Antes de cambiar nada, clasifica el desperdicio en categorías. No se soluciona todo con una sola táctica.

Desperdicio preconsumo

Se trata de productos que nunca llegan al comensal. Algunos ejemplos son los recortes que se podrían haber utilizado, los productos en mal estado, los lácteos caducados, las raciones demasiado cocinadas y los alimentos preparados que han estado demasiado tiempo a la vista. Aquí es donde el método FIFO y la disciplina en el almacenamiento son más importantes.

Desperdicio posconsumo

Son los restos que vuelven en los platos.
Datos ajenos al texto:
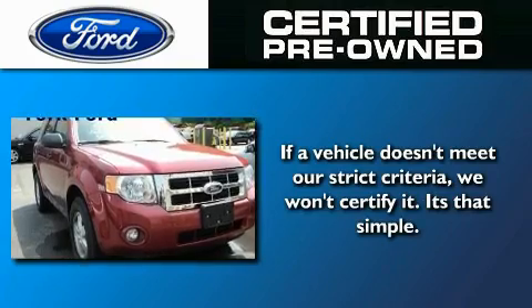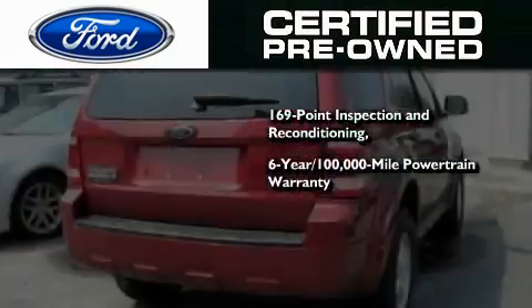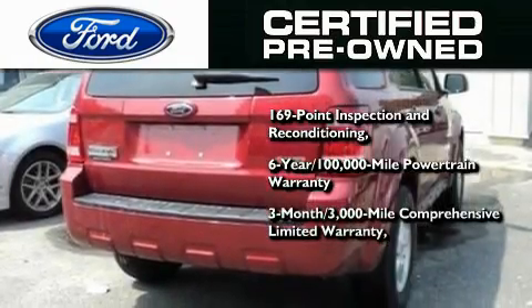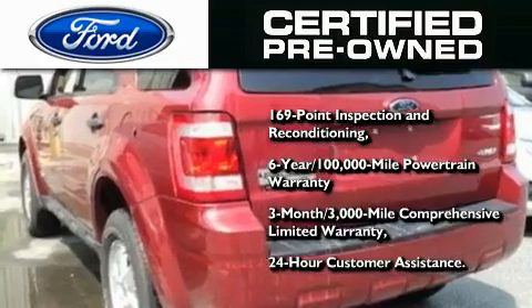The Ford's pre-owned certification includes a six-year, 100,000-mile powertrain limited warranty and a three-month, 300,000-mile comprehensive limited warranty, plus Ford Motor Company's 24-hour roadside assistance program.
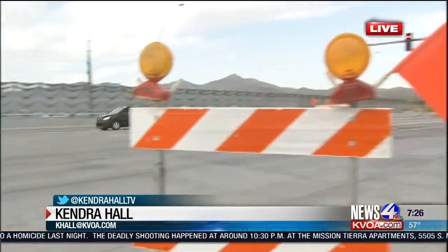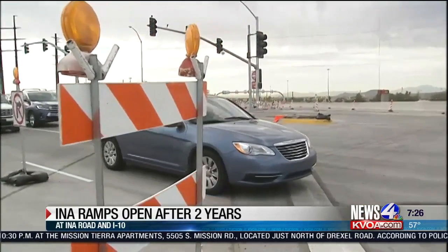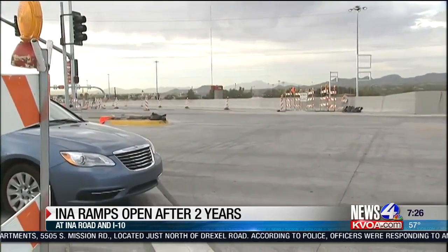Yes, Alex, it's been two long years for drivers who pass through this area, but I have really good news for you. You can see there are cars here, something we haven't seen in a long time. All four ramps are officially done. You can see the ramps here again at INA and I-10 are finally open, so no need to avoid this interchange anymore because you can now enter onto I-10 and exit off of I-10 at INA.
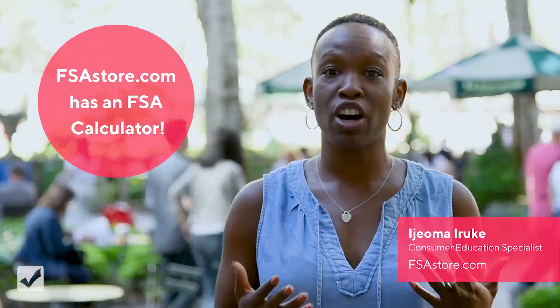What you can do is check out our website. We have a very handy FSA calculator that you can use to help you with your contribution limits.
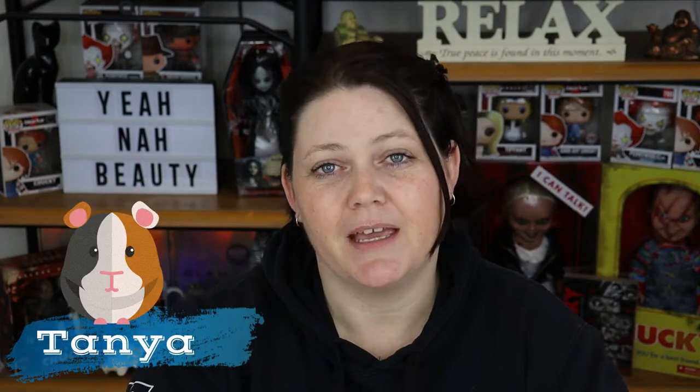G'day guys, welcome to Yeah Now Beauty. My name is Tanya and I'm your personal little guinea pig. Me and my little mate over here today, we're going to be doing some eye gels. I have used these before, so I'm going to be able to give you my personal experience — this is the second time that I've used them. I'm also going to compare them against two other eye gels from different brands. Stay tuned.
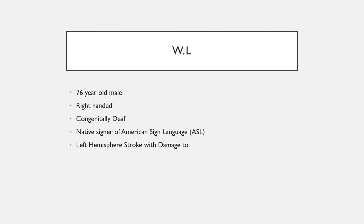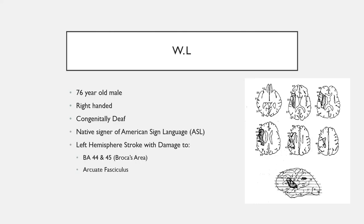The left hemisphere stroke caused damage both to Broca's area and the arcuate fasciculus, and you can see the full extent of the stroke's damage in this reconstructed brain atlas from a CT scan.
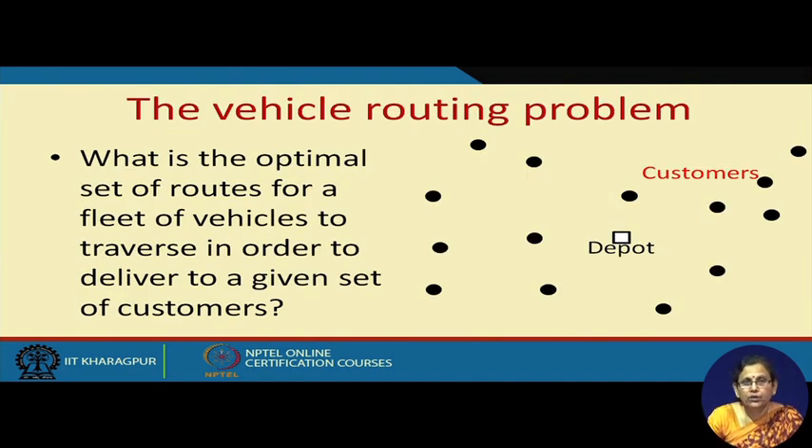Let us look at a typical vehicle routing problem. We have a depot and many customers. The question is: what is the optimal set of routes for a fleet of vehicles to traverse in order to deliver to a given set of customers? Should we use one vehicle or more? Once we decide the number of vehicles, how should we instruct them to move around so that with minimal transportation cost, all customers are covered?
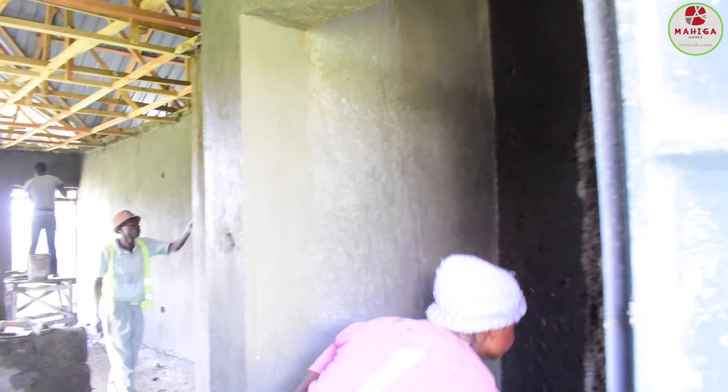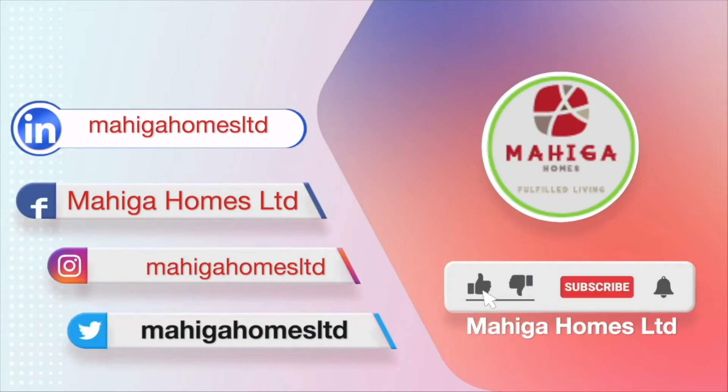The journey to completion is almost over. Kindly check our website, like our Facebook page, follow us on Instagram, Twitter, and LinkedIn. And finally, subscribe to our YouTube page for more content like this and more.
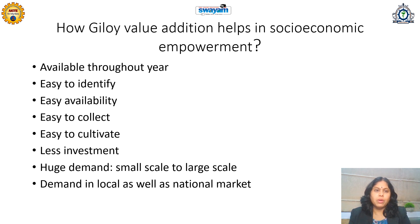Since this plant is available throughout the year, it is very easy to identify due to its simple morphological characteristics — the shape of the leaf, the presence of certain marks on the stem. Its easy availability means it is easily obtained from wild sources and is also easy to cultivate. Less investment is required because it is called Amrita — it grows very well and never dies. There is a huge demand from small scale to large scale, as various Ayush companies, national and international, demand Giloy.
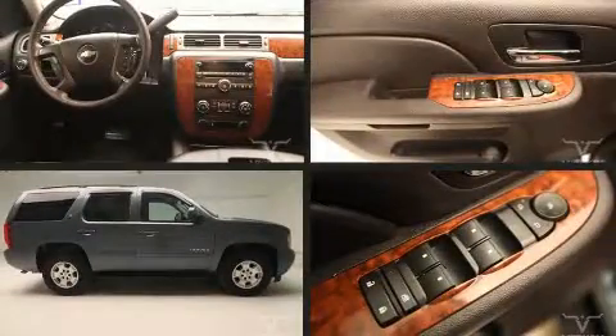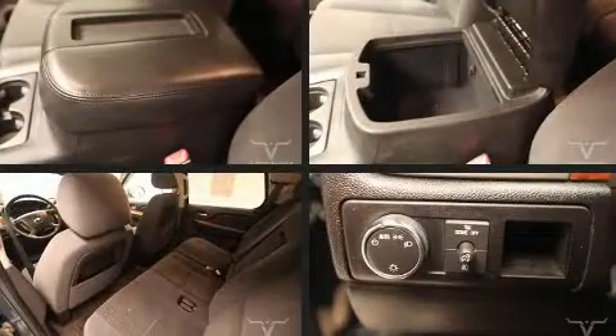Premium sound drives eight speakers, providing you and your passengers a sensational audio experience.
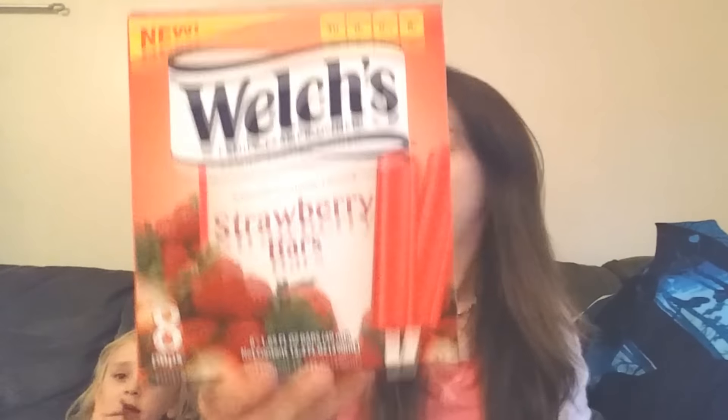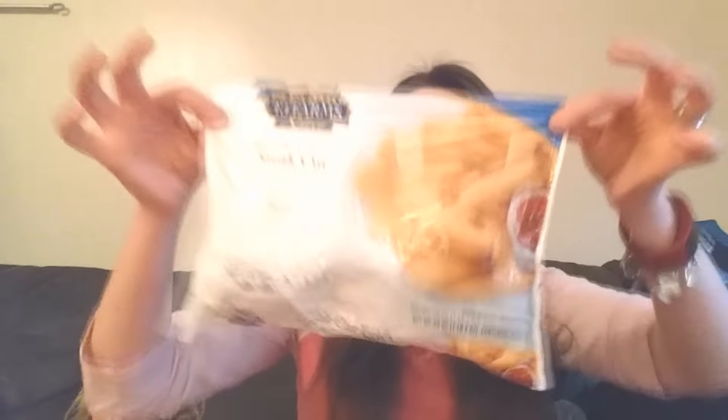There's also some freezer stuff. I got this Texas toast — I can smell the garlic through the box. Someone asked if it's from Texas and no, it's from Canada. I got these Welch's strawberry bars that I thought the kids would like, and then the last thing were these steak fries that I want to make into cheese fries — just put cheese on them.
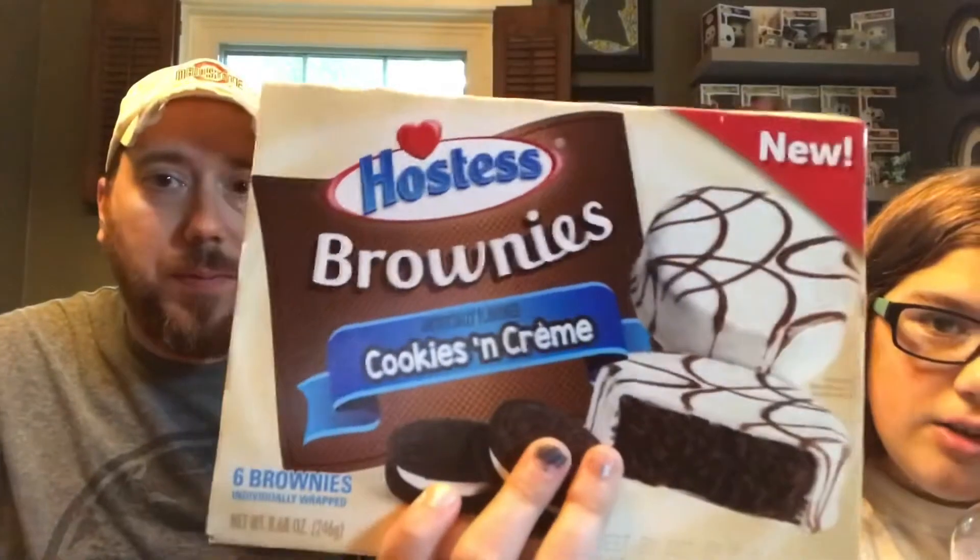What do we have today? These are Hostess Cookies and Cream Brownies. So if you remember, did we do a taste test on the brownies before? They were the Butterfinger Brownies. So if you remember those, this is like the Oreo version, but this one has icing on it. The other one might have had a glaze — it just had a chocolate glaze with like crumbles of Butterfinger on top.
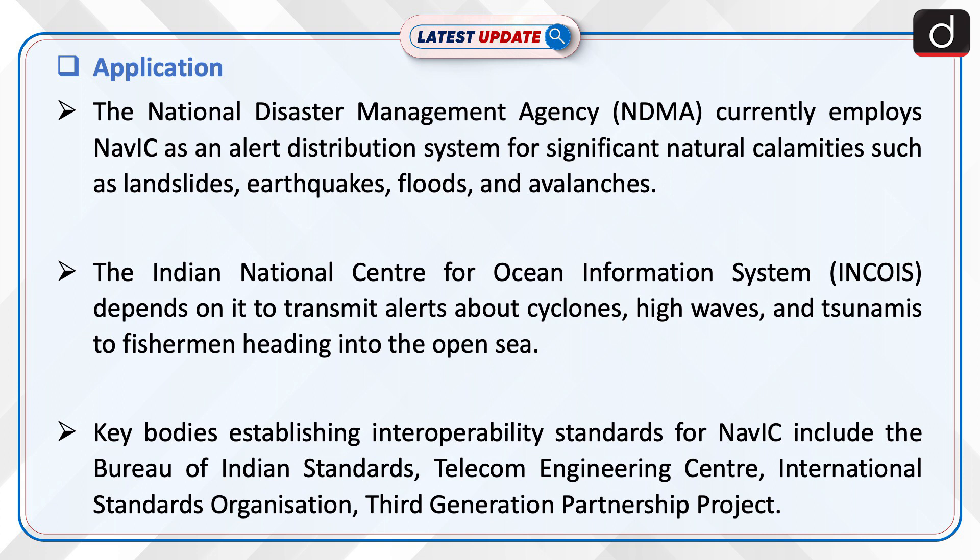Key bodies establishing interoperability standards for NAVIC include the Bureau of Indian Standards, Telecom Engineering Centre, International Standards Organisation, and the Third Generation Partnership Project.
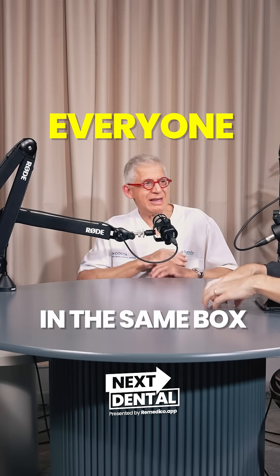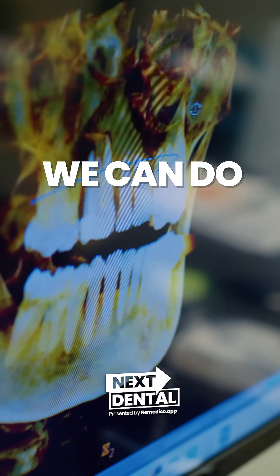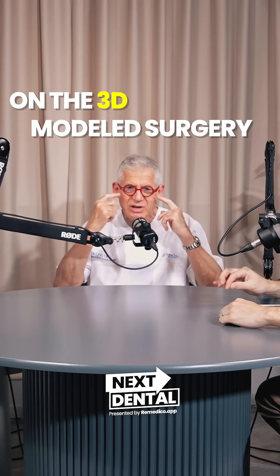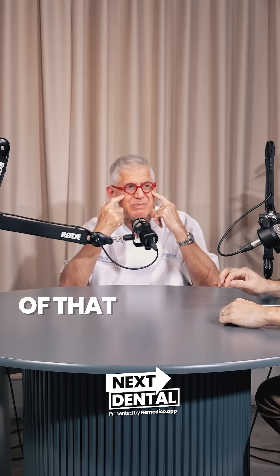So you're not fitting everyone in the same box. Exactly — it's not one treatment for all. And we can do a dry run. We call it a dry run — that is model surgery on the 3D printed model of that patient.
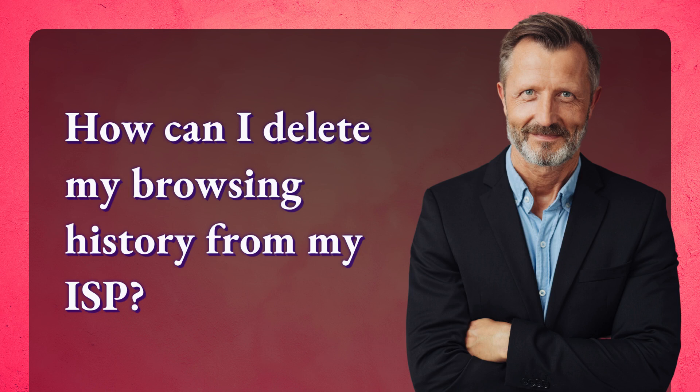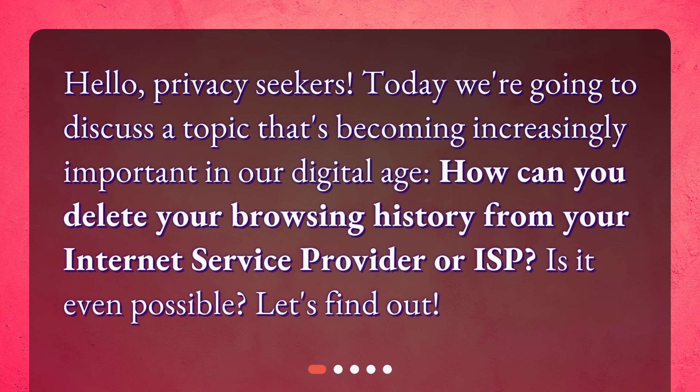How can I delete my browsing history from my ISP? Hello, privacy seekers. Today we're going to discuss a topic that's becoming increasingly important in our digital age: how can you delete your browsing history from your Internet Service Provider, or ISP? Is it even possible? Let's find out.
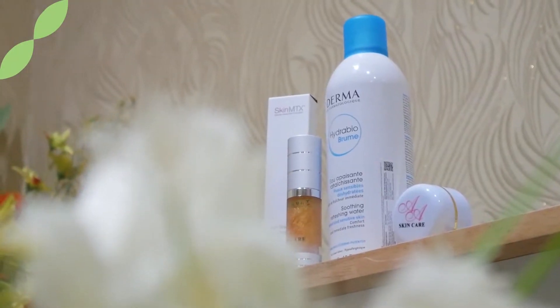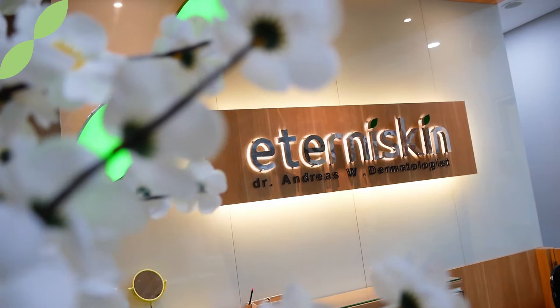Yuk stay tuned! Yang pertama adalah jerawat nodul. Jerawat nodul akan berdampak serius pada kulit wajah. Pasalnya, jerawat nodul itu tidak hanya muncul di permukaan kulit saja, tapi dia juga sampai di lapisan dalam. Jerawat nodul ini lebih besar dari pustula.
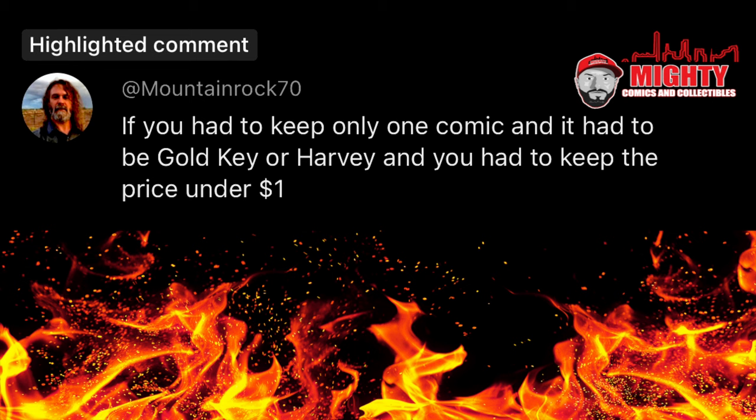Here's a question from MountainRock70: if you had to keep only one comic and it had to be a Gold Key or Harvey and you had to keep the price under a dollar — I'm going to say there are probably no books out there that I want to own that are worth under a dollar, no matter what they are. Whether they're Harvey, Gold Key, Marvel, or DC, I'm probably not collecting them. But for you, you might want to start doing some digging because I can't really answer this question for you. Hope that helps.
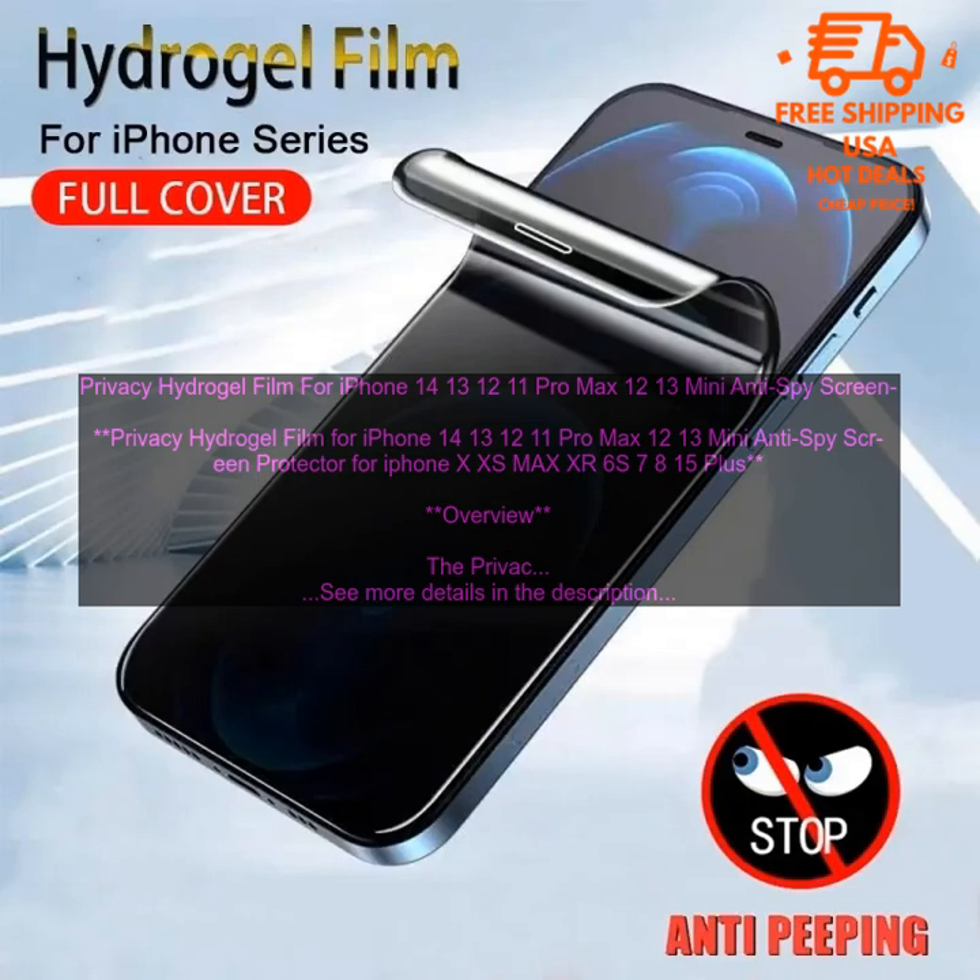Privacy Hydrogel Film for iPhone 14, 13, 12, 11 Pro Max, 12/13 Mini — Anti-Spy Screen Protector for iPhone XS Max, XR, 6S, 7, 8, 15 Plus.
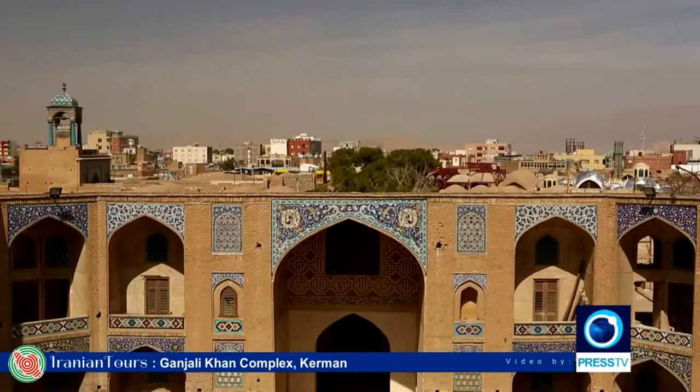In 1937, the Ganjali Khan Karavansarai was reorganized and registered as a national heritage of Iran.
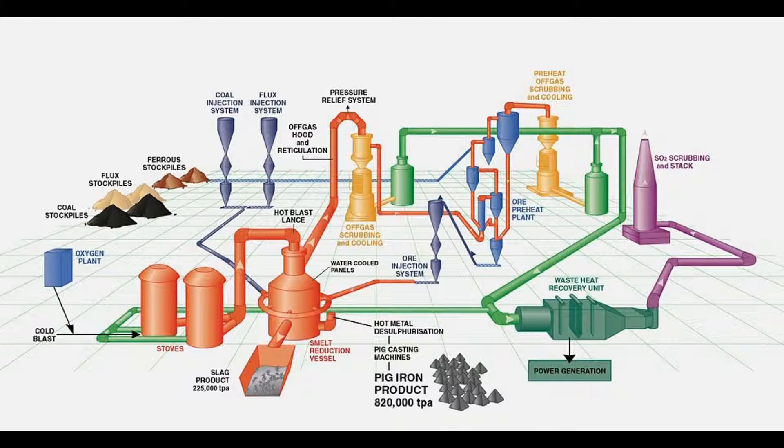The coal, lime, ore, dolomite and nitrogen are injected into the SRV smelt reduction vessel via two opposed water-cooled lances. Off-gas from the SRV is cooled in a hood similar to that on a basic oxygen furnace and is then scrubbed before being burned in a boiler as low-calorific value fuel gas. A special design of gas burner is needed to accommodate this low-CV gas.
A veces indican raciones demasiado grandes, platos desequilibrados o platos que los clientes realmente no quieren en ese tamaño. Aquí es donde importan el tamaño de las raciones y el diseño del menú del restaurante.

«Residuos de proceso»

Se trata de los residuos generados por el flujo de trabajo: preparar en exceso para una noche tranquila, elaborar salsas con demasiada antelación sin un plan, o gestionar las estaciones sin una lista de preparación vinculada a los patrones de ventas.

Residuos de calidad

Se trata de productos que, técnicamente, aún son utilizables, pero que ya no cumplen con tus estándares: hierbas mustias, pan que no está lo suficientemente fresco para servir, proteínas que no estás dispuesto a servir porque el sellado no ha sido el adecuado. A veces es inevitable. A menudo se puede reducir con una mejor formación y una mejor sincronización.

Cuando los gerentes hablan del desperdicio de alimentos en un restaurante, suelen mezclar los cuatro tipos. Tus mejoras semanales serán más fáciles cuando sepas qué categoría te está costando más.

Porcionado de la comida: la palanca más rápida para la consistencia y el margen

El control de las raciones no consiste en hacer que los platos parezcan más pequeños. Se trata de que los platos parezcan pensados a propósito. Los clientes notan la inconsistencia aunque no puedan describirla. Una noche la pasta parece generosa, la siguiente parece escasa. Esa inconsistencia genera quejas, repeticiones adicionales y desconfianza.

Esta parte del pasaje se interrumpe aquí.